- _The task_: Please retype the entries exactly as they stand, leaving out any pictures.

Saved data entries
Start of Block

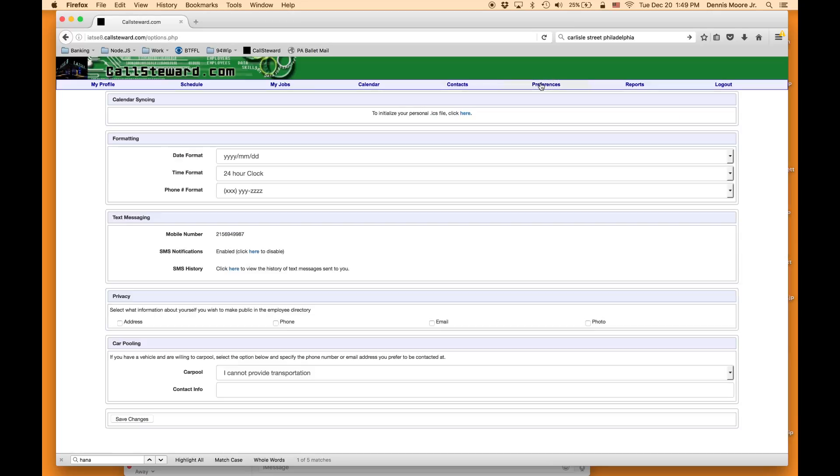Go back to preferences. It will now tell you text messaging is enabled.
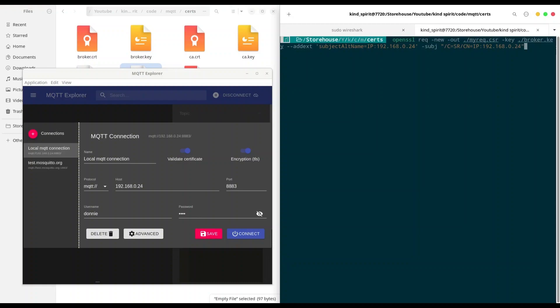And those options are Subject and Subject Alt Name. So if you provide your data in this way, later on you are not going to be asked to type this data again. And in this way I set both my Subject Alt Name to my local IP and my common name to my local IP.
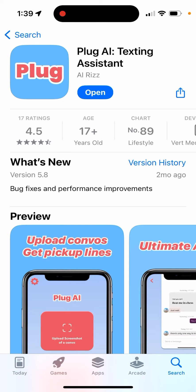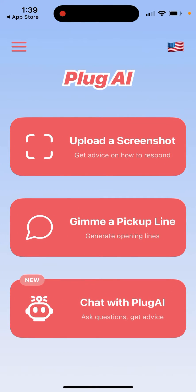Here's a Plug AI app. I just upgraded to show you how it might work. If you just open it up, basically this is like an AI assistant for dating. So if you're out of ideas of what to write on Tinder, you're stuck or just want to get some ChatGPT ideas, this is the app.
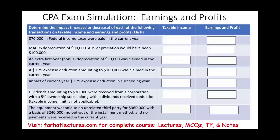Let's get started with the first transaction: $70,000 of federal income taxes were paid in the current year. How does that affect taxable income? You cannot deduct federal income taxes on your taxable income, so there is no impact. How does it affect earnings and profit, your dividend-paying capacity? It is going to reduce your dividend-paying capacity — it's a negative.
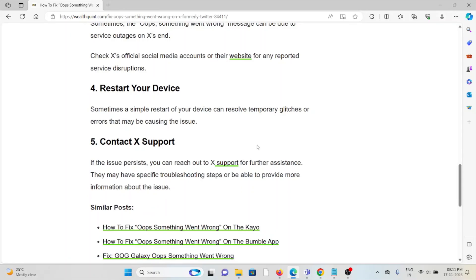The fifth method is contact X support. If you have tried all other troubleshooting methods and are still facing the problem, you can contact the X support team for further assistance. They have the expertise and will help you fix the problem. That's all about this, thank you.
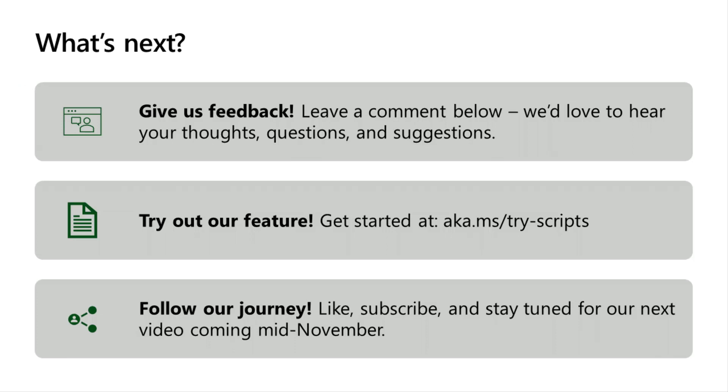So, what's next? Here are a couple things you can do to learn more and stay connected with our team. One, give us feedback. As we build out this video series, we'd love to hear your thoughts, questions, any suggestions you have for future video content, as well as demos that you'd like to see next.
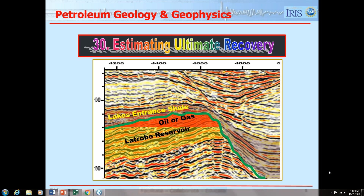Good afternoon, everyone. Today, in this hour, we'll talk about estimating ultimate recovery, which is the acronym EUR. That is an important number that managers like to know when you're working on a prospect or a drill location — how much oil or how much gas will we be able to get up to the surface and sell and make some money.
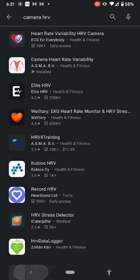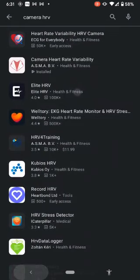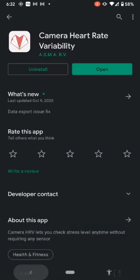You'll see Camera Heart Rate Variability and some other apps show up. The one we're looking for has a red heart with a white background that says 'Camera Heart Rate Variability by ASMA BV' — click on that, it's the second one. On your screen, if you haven't already installed the app, you'll see a button that says Install.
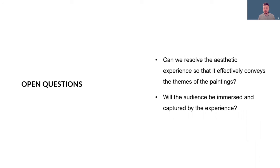Still we have some open questions, for example, how can we resolve the aesthetic experience so that it effectively conveys the themes of the paintings and whether the audience will be immersed and captured by the experience.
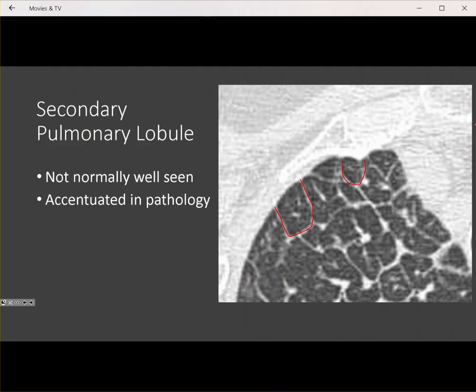In the center of the secondary pulmonary lobule you see this bright structure — this is the artery. The airway you can't see because airways are typically not seen this far out; they're too small to be resolved by CT. The only time you can see an airway this far out is when it's abnormal — abnormally thickened or enlarged — that would be bronchiectasis or bronchioloectasis for the smaller airways. On the periphery of the secondary pulmonary lobule you can see the pulmonary vein. Again, we're not going to see the lobule well unless it's accentuated by pathology.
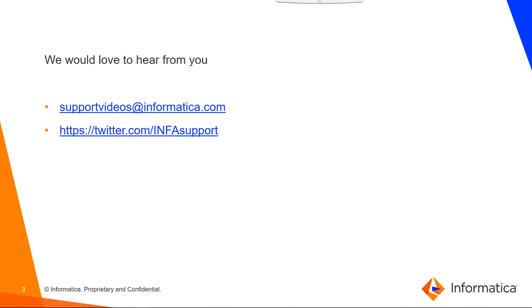So I'll do the workflow. You can email us at supportvideos@informatica.com, and here is our Twitter handle. Thanks for watching the video.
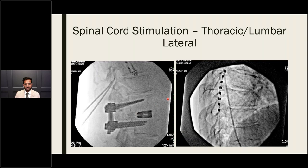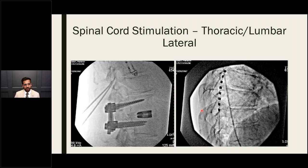In the lateral view for SCS placement, the laminar line and ventral interlaminar line are visible, with needles just past that ventral interlaminar line and leads advancing cephalad. This patient had an anterior-posterior fusion with a stimulator for persistent post-surgical pain. The ribs are not perfectly aligned, but all fluoroscopic fundamentals still apply. The key purpose of the lateral image is to ensure the leads are dorsal — on the posterior side of the neural foramen — not anterior, which would prevent activation of the dorsal columns.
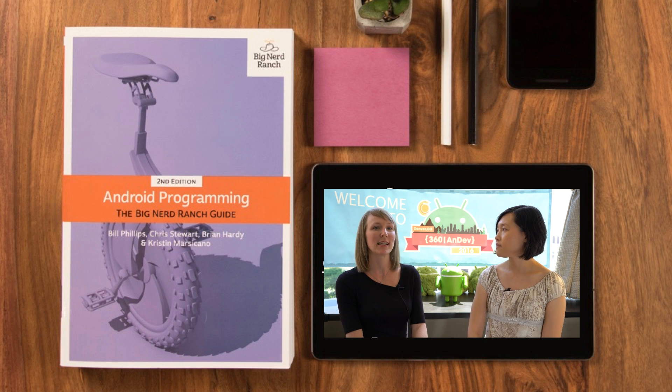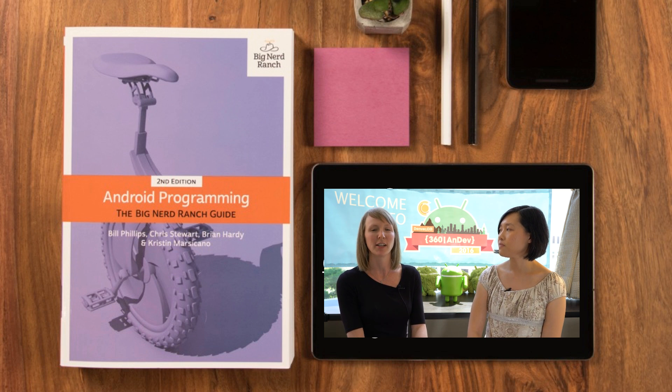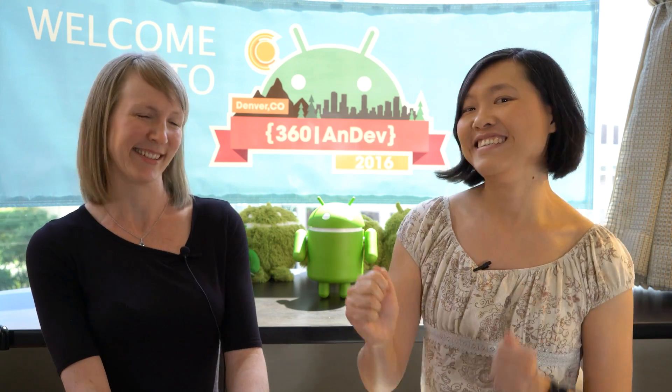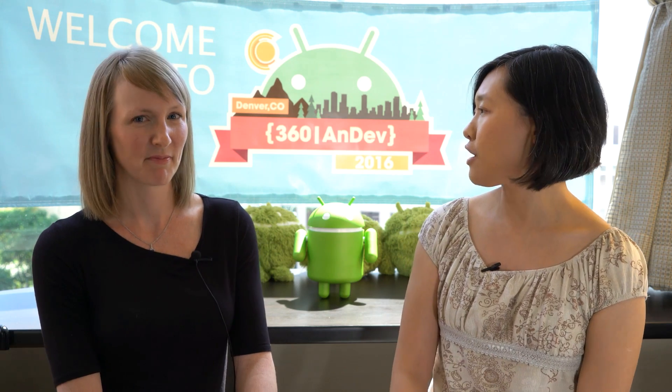I am based in Atlanta, Georgia, and I'm an Android instructor, developer, and author at Big Nerd Ranch. And in case you haven't noticed, Kristen is here for 360 NDEF. Yes, I'm so excited! So Kristen's going to give a talk tomorrow about the activity life cycle, so we thought maybe we'll chat a little bit about that. I would love to.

End of Block

- _Response to the task_:
Go back to preferences. It will now tell you text messaging is enabled.
And those options are Subject and Subject Alt Name. So if you provide your data in this way, later on you are not going to be asked to type this data again. And in this way I set both my Subject Alt Name to my local IP and my common name to my local IP.
Here's a Plug AI app. I just upgraded to show you how it might work. If you just open it up, basically this is like an AI assistant for dating. So if you're out of ideas of what to write on Tinder, you're stuck or just want to get some ChatGPT ideas, this is the app.
Let's get started with the first transaction: $70,000 of federal income taxes were paid in the current year. How does that affect taxable income? You cannot deduct federal income taxes on your taxable income, so there is no impact. How does it affect earnings and profit, your dividend-paying capacity? It is going to reduce your dividend-paying capacity — it's a negative.
The fifth method is contact X support. If you have tried all other troubleshooting methods and are still facing the problem, you can contact the X support team for further assistance. They have the expertise and will help you fix the problem. That's all about this, thank you.
So, what's next? Here are a couple things you can do to learn more and stay connected with our team. One, give us feedback. As we build out this video series, we'd love to hear your thoughts, questions, any suggestions you have for future video content, as well as demos that you'd like to see next.
Good afternoon, everyone. Today, in this hour, we'll talk about estimating ultimate recovery, which is the acronym EUR. That is an important number that managers like to know when you're working on a prospect or a drill location — how much oil or how much gas will we be able to get up to the surface and sell and make some money.
You'll see Camera Heart Rate Variability and some other apps show up. The one we're looking for has a red heart with a white background that says 'Camera Heart Rate Variability by ASMA BV' — click on that, it's the second one. On your screen, if you haven't already installed the app, you'll see a button that says Install.
Still we have some open questions, for example, how can we resolve the aesthetic experience so that it effectively conveys the themes of the paintings and whether the audience will be immersed and captured by the experience.
In the center of the secondary pulmonary lobule you see this bright structure — this is the artery. The airway you can't see because airways are typically not seen this far out; they're too small to be resolved by CT. The only time you can see an airway this far out is when it's abnormal — abnormally thickened or enlarged — that would be bronchiectasis or bronchioloectasis for the smaller airways. On the periphery of the secondary pulmonary lobule you can see the pulmonary vein. Again, we're not going to see the lobule well unless it's accentuated by pathology.
So I'll do the workflow. You can email us at supportvideos@informatica.com, and here is our Twitter handle. Thanks for watching the video.
In the lateral view for SCS placement, the laminar line and ventral interlaminar line are visible, with needles just past that ventral interlaminar line and leads advancing cephalad. This patient had an anterior-posterior fusion with a stimulator for persistent post-surgical pain. The ribs are not perfectly aligned, but all fluoroscopic fundamentals still apply. The key purpose of the lateral image is to ensure the leads are dorsal — on the posterior side of the neural foramen — not anterior, which would prevent activation of the dorsal columns.
I am based in Atlanta, Georgia, and I'm an Android instructor, developer, and author at Big Nerd Ranch. And in case you haven't noticed, Kristen is here for 360 NDEF. Yes, I'm so excited! So Kristen's going to give a talk tomorrow about the activity life cycle, so we thought maybe we'll chat a little bit about that. I would love to.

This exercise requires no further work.